当然レンズフードなんかは被写体にブツかりますから最短撮影では外さないといけません。
 この超近接撮影可能な標準ズームでは見える世界が違ってきます。
 ボディは買えないけど、どうしてもこのレンズを自分のカメラで使ってみたいというヒトは適合をシグマHPでチェック、5種類のマウントを用意しているシグマの懐の深さを実感してみてください。

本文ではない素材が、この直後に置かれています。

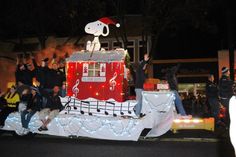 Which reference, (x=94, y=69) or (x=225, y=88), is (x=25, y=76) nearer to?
(x=94, y=69)

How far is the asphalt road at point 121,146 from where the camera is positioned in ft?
33.1

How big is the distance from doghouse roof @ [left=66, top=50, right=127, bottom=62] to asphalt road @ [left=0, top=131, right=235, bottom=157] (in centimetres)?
261

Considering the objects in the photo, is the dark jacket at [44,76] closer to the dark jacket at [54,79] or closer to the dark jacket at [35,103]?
the dark jacket at [54,79]

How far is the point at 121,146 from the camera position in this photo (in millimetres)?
11430

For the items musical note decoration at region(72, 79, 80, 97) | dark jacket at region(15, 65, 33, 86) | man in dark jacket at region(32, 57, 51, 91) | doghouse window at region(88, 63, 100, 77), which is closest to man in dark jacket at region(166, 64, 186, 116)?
doghouse window at region(88, 63, 100, 77)

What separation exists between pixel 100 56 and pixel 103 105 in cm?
165

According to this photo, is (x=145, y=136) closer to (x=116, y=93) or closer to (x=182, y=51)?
(x=116, y=93)

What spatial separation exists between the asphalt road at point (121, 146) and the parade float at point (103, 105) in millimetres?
339

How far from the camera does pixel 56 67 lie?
14.5 metres

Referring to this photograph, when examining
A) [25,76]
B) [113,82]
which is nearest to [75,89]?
[113,82]

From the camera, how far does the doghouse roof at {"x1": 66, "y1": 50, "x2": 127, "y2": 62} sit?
500 inches

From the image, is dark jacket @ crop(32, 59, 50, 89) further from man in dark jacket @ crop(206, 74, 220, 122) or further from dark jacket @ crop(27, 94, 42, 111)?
man in dark jacket @ crop(206, 74, 220, 122)

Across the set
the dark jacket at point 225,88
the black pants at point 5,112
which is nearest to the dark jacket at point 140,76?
the dark jacket at point 225,88

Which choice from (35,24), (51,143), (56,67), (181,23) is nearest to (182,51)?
(181,23) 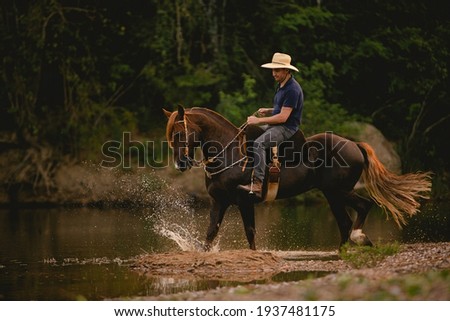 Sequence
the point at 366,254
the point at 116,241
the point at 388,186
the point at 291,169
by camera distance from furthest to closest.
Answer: the point at 116,241, the point at 388,186, the point at 291,169, the point at 366,254

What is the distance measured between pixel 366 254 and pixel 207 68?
14.6 m

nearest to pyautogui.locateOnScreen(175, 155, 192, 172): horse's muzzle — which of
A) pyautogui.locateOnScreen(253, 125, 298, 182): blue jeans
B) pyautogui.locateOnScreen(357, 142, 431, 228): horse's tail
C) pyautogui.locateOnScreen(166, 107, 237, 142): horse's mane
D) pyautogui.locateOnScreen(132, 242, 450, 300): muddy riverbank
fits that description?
pyautogui.locateOnScreen(166, 107, 237, 142): horse's mane

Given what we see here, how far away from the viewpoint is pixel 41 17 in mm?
24047

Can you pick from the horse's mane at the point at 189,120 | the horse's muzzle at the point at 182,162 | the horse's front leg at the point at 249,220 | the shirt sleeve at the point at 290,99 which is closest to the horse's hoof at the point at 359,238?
the horse's front leg at the point at 249,220

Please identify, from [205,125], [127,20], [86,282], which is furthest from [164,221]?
A: [127,20]

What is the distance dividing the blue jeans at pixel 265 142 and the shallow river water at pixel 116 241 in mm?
1178

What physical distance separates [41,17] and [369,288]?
1615 cm

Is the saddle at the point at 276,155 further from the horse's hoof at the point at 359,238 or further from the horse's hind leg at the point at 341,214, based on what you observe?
the horse's hoof at the point at 359,238

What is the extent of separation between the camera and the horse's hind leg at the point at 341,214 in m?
14.0

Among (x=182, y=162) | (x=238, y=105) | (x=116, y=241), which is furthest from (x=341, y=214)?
(x=238, y=105)

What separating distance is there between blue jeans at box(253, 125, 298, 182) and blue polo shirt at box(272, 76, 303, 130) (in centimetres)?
10

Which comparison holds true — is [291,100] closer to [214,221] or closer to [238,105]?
[214,221]

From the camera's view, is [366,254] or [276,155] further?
[276,155]

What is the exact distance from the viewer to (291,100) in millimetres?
12852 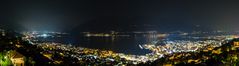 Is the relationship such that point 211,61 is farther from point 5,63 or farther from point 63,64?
point 5,63

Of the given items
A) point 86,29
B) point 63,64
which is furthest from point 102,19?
point 63,64

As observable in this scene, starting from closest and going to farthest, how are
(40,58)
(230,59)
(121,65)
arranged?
(230,59) → (40,58) → (121,65)

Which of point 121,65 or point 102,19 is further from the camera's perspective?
point 102,19

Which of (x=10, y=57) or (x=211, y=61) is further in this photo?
(x=211, y=61)

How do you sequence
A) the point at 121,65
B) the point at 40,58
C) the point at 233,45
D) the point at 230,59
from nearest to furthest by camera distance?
the point at 230,59, the point at 40,58, the point at 233,45, the point at 121,65

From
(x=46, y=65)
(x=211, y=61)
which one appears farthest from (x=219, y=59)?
(x=46, y=65)

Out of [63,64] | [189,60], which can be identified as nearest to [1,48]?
[63,64]

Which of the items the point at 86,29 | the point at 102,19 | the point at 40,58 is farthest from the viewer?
the point at 102,19

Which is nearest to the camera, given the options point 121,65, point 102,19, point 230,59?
point 230,59

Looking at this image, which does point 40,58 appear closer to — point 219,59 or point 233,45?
point 219,59
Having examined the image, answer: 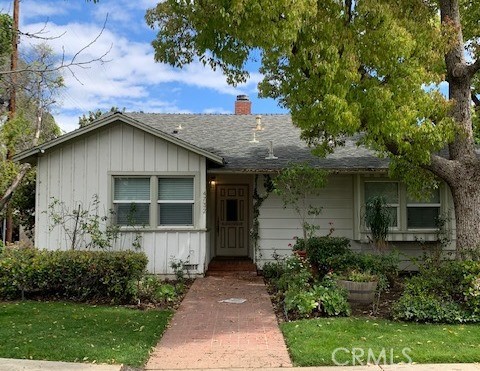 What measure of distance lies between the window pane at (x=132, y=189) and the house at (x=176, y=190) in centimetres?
2

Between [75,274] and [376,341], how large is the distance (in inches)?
223

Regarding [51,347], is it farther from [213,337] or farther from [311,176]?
[311,176]

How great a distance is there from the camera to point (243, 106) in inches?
726

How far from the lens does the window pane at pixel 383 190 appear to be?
11.8m

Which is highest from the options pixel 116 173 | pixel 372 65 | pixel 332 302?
pixel 372 65

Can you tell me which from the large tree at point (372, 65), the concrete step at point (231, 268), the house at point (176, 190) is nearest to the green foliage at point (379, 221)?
the house at point (176, 190)

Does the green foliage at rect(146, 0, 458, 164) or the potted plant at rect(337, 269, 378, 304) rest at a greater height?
the green foliage at rect(146, 0, 458, 164)

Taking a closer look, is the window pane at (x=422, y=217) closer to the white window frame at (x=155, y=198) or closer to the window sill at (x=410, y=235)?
the window sill at (x=410, y=235)

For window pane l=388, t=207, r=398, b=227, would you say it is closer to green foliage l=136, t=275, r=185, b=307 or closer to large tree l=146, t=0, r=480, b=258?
large tree l=146, t=0, r=480, b=258

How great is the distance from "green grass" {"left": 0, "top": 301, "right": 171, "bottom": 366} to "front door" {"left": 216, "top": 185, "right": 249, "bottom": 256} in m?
6.00

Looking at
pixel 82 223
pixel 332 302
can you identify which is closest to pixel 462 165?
pixel 332 302

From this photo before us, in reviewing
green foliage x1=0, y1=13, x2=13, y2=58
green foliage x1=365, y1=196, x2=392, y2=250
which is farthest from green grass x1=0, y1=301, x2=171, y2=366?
green foliage x1=365, y1=196, x2=392, y2=250

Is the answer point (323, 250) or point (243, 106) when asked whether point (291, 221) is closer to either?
point (323, 250)

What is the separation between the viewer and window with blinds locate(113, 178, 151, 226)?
436 inches
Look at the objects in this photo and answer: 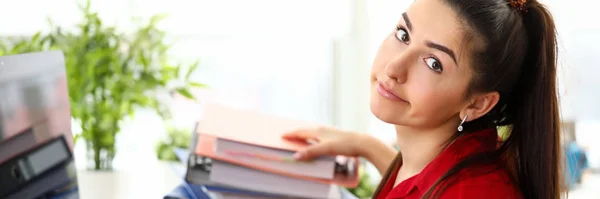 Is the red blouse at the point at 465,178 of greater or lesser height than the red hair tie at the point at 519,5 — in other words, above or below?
below

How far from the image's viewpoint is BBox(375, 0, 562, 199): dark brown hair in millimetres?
1127

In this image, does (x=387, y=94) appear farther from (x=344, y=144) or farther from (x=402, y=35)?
(x=344, y=144)

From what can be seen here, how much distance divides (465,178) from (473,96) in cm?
11

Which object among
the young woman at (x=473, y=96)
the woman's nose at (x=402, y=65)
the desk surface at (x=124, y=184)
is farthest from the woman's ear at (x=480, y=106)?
the desk surface at (x=124, y=184)

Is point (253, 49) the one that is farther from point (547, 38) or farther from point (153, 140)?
point (547, 38)

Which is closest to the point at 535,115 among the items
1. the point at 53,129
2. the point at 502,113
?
the point at 502,113

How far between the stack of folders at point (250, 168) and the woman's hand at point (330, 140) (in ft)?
0.09

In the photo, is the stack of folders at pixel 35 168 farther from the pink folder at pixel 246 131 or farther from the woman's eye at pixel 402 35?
the woman's eye at pixel 402 35

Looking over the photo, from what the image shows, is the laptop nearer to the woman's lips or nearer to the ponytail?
the woman's lips

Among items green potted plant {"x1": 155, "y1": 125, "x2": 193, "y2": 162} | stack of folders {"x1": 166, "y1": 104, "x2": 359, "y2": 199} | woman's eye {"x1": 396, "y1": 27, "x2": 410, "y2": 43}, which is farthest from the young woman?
green potted plant {"x1": 155, "y1": 125, "x2": 193, "y2": 162}

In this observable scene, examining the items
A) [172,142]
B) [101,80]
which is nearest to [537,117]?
[101,80]

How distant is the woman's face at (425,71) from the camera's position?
3.73 feet

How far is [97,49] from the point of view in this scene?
1.88 metres

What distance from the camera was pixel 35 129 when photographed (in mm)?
1034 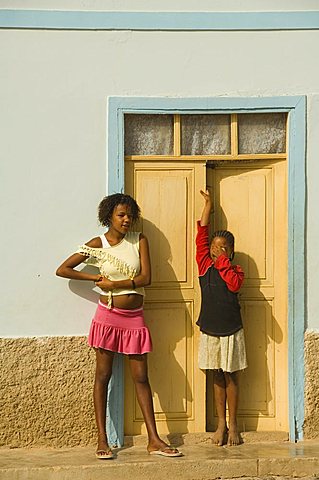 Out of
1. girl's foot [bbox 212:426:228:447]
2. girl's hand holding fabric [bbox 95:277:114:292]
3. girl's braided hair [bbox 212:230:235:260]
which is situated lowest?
girl's foot [bbox 212:426:228:447]

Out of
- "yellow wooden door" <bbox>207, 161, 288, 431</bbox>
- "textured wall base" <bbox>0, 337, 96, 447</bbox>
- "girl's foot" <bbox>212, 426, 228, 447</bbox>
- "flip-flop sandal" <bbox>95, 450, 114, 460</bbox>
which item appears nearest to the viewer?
"flip-flop sandal" <bbox>95, 450, 114, 460</bbox>

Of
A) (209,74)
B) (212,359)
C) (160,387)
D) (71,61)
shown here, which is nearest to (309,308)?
(212,359)

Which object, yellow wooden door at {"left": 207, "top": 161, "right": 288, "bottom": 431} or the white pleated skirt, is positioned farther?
yellow wooden door at {"left": 207, "top": 161, "right": 288, "bottom": 431}

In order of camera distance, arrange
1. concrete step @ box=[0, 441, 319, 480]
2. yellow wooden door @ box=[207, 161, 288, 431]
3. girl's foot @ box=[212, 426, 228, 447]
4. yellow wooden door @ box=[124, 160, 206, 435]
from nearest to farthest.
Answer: concrete step @ box=[0, 441, 319, 480] < girl's foot @ box=[212, 426, 228, 447] < yellow wooden door @ box=[124, 160, 206, 435] < yellow wooden door @ box=[207, 161, 288, 431]

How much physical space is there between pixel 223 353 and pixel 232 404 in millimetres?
426

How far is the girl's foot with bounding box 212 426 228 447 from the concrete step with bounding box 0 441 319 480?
0.06 m

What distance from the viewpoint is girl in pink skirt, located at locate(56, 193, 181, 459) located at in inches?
264

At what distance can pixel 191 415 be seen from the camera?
7152mm

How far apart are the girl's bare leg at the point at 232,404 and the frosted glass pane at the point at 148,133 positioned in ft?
5.99

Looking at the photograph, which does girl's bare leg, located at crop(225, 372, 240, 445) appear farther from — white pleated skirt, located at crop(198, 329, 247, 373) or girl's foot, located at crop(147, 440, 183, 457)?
girl's foot, located at crop(147, 440, 183, 457)

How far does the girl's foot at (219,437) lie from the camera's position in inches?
275

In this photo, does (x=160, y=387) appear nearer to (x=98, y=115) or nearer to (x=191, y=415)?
(x=191, y=415)

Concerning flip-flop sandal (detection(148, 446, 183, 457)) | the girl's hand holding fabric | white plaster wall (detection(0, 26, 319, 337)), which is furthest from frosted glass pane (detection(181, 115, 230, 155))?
flip-flop sandal (detection(148, 446, 183, 457))

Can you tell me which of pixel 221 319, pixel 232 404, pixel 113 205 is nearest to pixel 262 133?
pixel 113 205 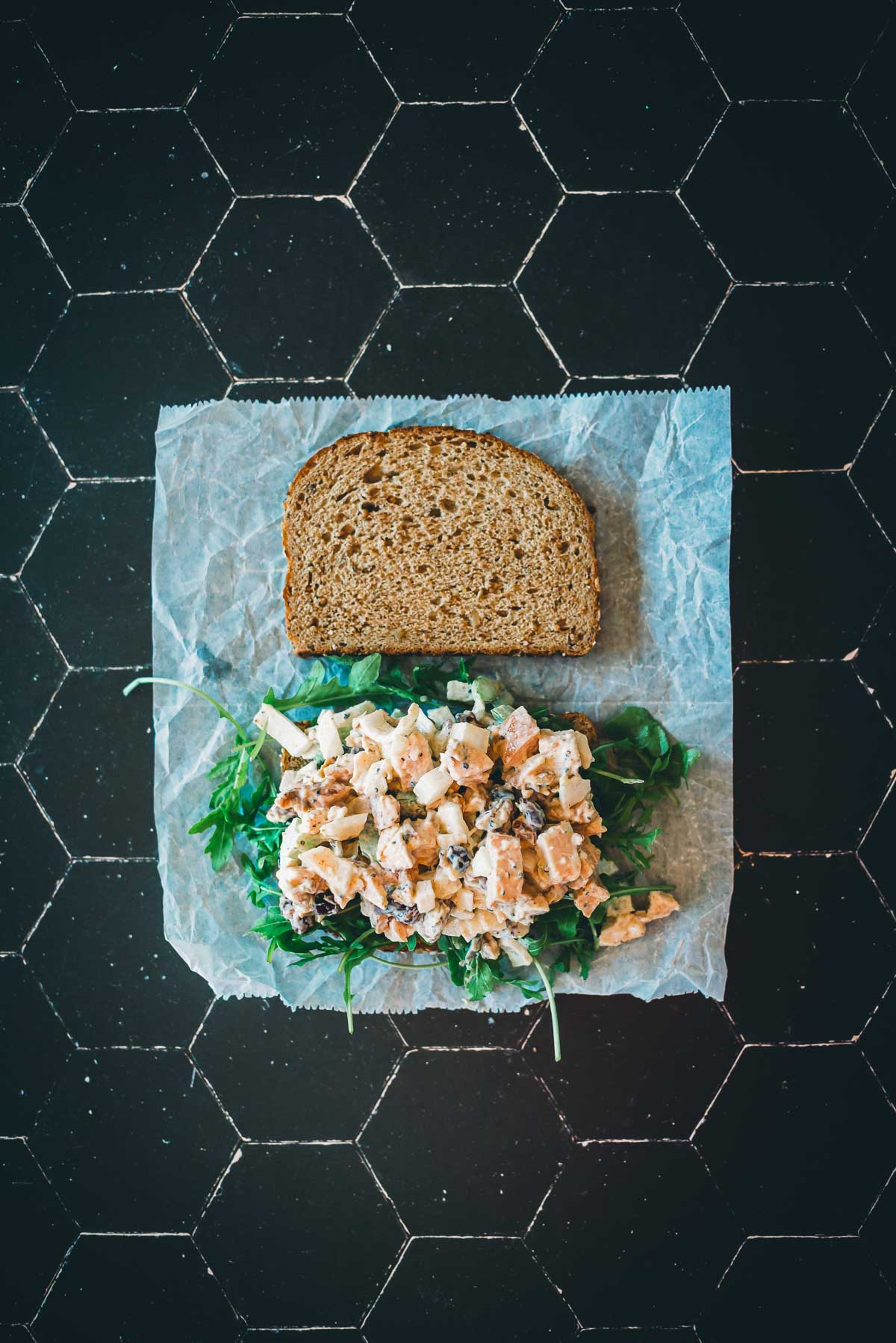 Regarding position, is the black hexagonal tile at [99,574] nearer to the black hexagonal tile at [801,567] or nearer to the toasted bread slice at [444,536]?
the toasted bread slice at [444,536]

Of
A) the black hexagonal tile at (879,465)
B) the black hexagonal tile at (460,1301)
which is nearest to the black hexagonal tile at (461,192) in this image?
the black hexagonal tile at (879,465)

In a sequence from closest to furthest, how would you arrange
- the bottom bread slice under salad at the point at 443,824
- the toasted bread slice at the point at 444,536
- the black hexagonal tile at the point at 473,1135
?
the bottom bread slice under salad at the point at 443,824 < the toasted bread slice at the point at 444,536 < the black hexagonal tile at the point at 473,1135

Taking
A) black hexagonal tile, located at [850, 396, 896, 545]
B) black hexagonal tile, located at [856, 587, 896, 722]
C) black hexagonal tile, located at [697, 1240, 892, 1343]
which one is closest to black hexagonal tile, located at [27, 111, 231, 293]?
black hexagonal tile, located at [850, 396, 896, 545]

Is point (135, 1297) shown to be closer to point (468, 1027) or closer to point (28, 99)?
point (468, 1027)

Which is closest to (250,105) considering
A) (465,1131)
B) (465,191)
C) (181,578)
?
(465,191)

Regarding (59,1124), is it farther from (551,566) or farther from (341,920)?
(551,566)

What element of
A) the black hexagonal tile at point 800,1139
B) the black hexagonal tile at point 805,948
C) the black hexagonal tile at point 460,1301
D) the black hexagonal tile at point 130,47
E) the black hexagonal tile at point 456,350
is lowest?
the black hexagonal tile at point 460,1301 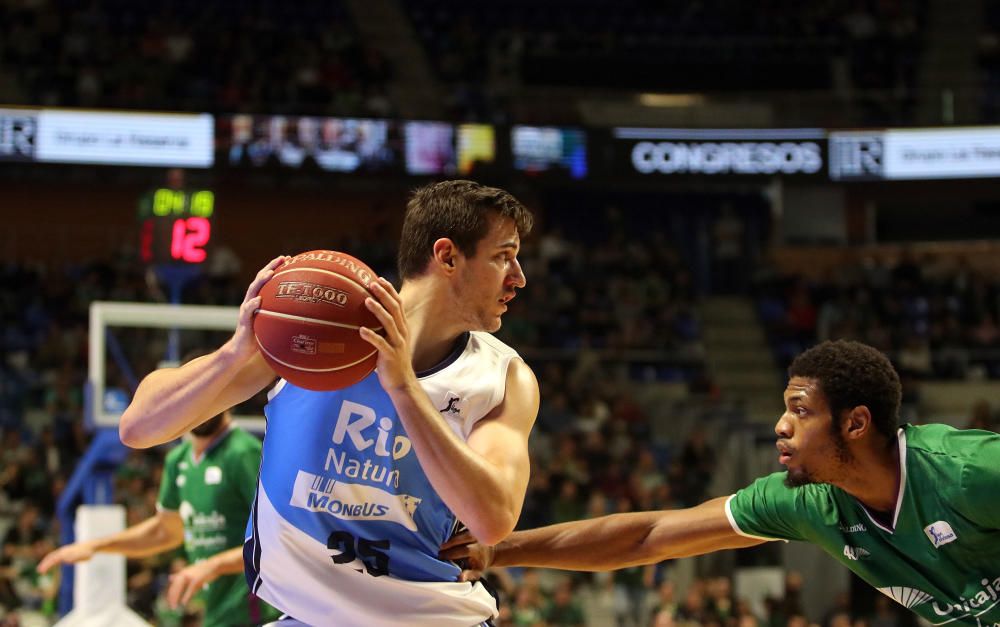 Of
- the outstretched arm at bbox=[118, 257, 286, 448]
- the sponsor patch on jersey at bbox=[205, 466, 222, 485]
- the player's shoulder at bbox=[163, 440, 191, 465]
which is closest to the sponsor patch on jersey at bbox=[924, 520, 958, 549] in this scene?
the outstretched arm at bbox=[118, 257, 286, 448]

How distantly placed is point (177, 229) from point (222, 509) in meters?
4.88

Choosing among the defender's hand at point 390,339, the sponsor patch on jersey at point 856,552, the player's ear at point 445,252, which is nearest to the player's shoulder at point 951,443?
the sponsor patch on jersey at point 856,552

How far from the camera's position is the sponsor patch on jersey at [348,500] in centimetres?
331

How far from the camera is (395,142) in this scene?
19656mm

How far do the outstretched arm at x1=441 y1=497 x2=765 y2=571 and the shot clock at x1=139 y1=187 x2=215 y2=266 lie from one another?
714 centimetres

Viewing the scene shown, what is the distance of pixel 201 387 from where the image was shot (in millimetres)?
3289

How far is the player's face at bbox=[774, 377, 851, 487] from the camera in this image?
154 inches

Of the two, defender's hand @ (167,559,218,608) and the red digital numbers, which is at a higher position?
the red digital numbers

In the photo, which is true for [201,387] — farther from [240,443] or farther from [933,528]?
[240,443]

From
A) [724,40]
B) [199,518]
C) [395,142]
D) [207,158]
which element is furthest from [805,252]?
[199,518]

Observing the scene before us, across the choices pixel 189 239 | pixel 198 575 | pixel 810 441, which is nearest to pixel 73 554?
pixel 198 575

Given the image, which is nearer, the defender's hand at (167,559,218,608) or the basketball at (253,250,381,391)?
the basketball at (253,250,381,391)

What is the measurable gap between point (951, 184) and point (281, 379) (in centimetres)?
2090

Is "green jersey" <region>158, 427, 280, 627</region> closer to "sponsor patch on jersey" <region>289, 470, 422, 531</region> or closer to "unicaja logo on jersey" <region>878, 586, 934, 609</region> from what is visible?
"sponsor patch on jersey" <region>289, 470, 422, 531</region> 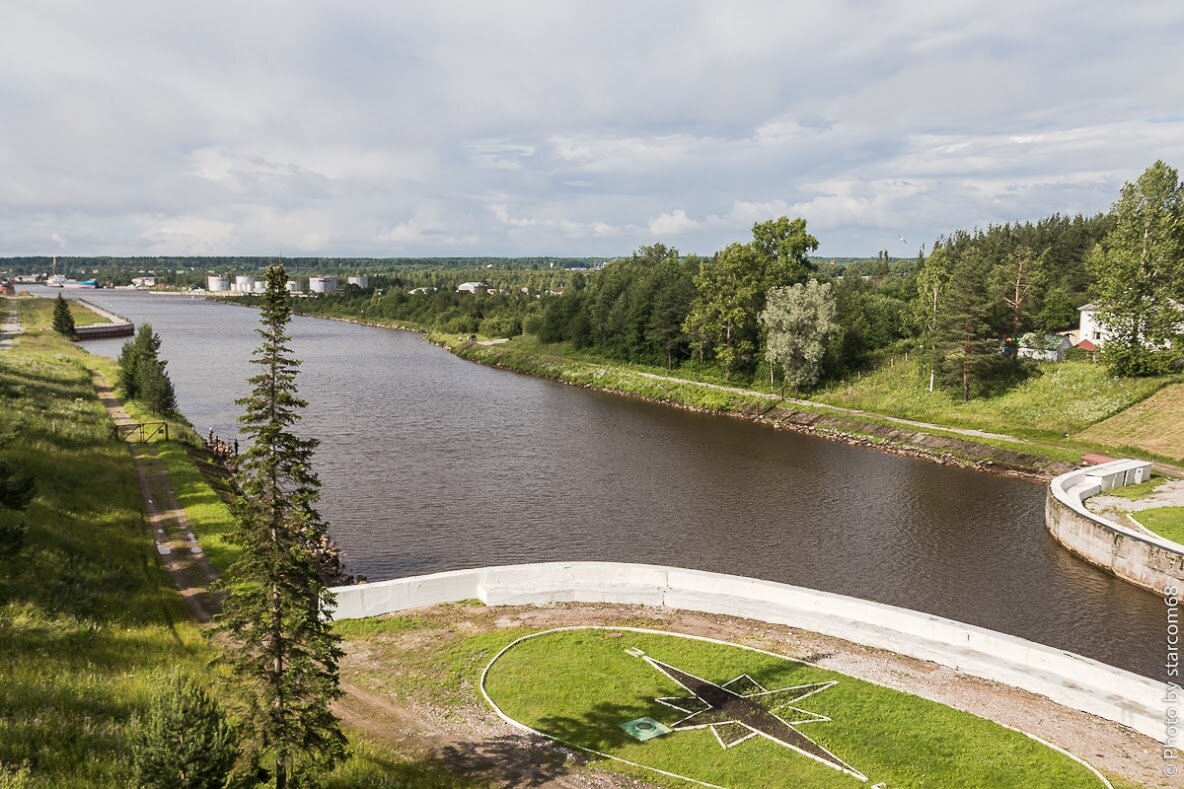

 どうも私、さっきからお気に入りの静かなお店をヒトに教えてしまったかのような気分になっています。お店が繁盛するのは喜ばしいけど、有名になって込み合うのは寂しいような・・・
 クセの強さが味の深さ。SD15風味にはまり込むと、ちょっと他では物足りなくなります。
 

17-70mm F2.8-4 DC MACRO OS HSM 定価5万6200円
このレンズさえあればたいていの業務撮影がまかなえるな。とヒソカに狙っている職業写真家は多いのではないでしょうか。すでにこっそり使っている人もいるはずです。とがった部分は目立ちませんが強力な手ブレ補正と廉価なズームより一段開けれる絞り値、標準域ズーム一のマクロ撮影機能であらゆる撮影に対応できるレンズに仕上がりました。

いいなと思ったら応援しよう!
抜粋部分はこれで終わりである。